If they’re wearing a uniform they’re probably genuine. But you can ask to see their warrant card if you’re still not sure.
If they’re not wearing a uniform, then even if they’re a genuine police officer, they’re breaking the law. So stay inside your vehicle and call the police.
How to Avoid Getting Pulled Over by the Police
There are a few things you can do to make it less likely that the police will ever pull you over:
- Don’t break the law. Obviously! If you commit to being a safe and sensible driver, then the police will never have cause to pull you over. So pay attention to speed limits, and keep an eye on your speed. Always wear your seatbelt, and never use your mobile while driving.
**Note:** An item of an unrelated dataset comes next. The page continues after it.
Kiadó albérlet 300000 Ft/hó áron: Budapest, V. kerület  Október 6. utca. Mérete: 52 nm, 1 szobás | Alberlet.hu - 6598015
And of course, never drink and drive. If you’re going out and you expect to have a drink – even if it’s only one – then leave your car at home and try and find another way to travel.
- Keep your car in good condition. The police can pull you over if they spot any faults with your car. So commit to regular car servicing and you’ll be able to address any issues long before they become problems. Keep your car clean too: The police may also pull you over if your car’s too dirty, as they might worry that your view will be obstructed by a mucky windscreen.
- Stay on top of things. The police can access your entire motoring history by simply looking up your car registration plate on their database. If your car tax has run out, or you’re due an MOT, or even if you haven’t got car insurance, they’ll know. So keep on top of all your legal requirements as a driver – your tax, your MOT, and your car insurance – or you’ll be in very serious trouble should the police ever pull you over.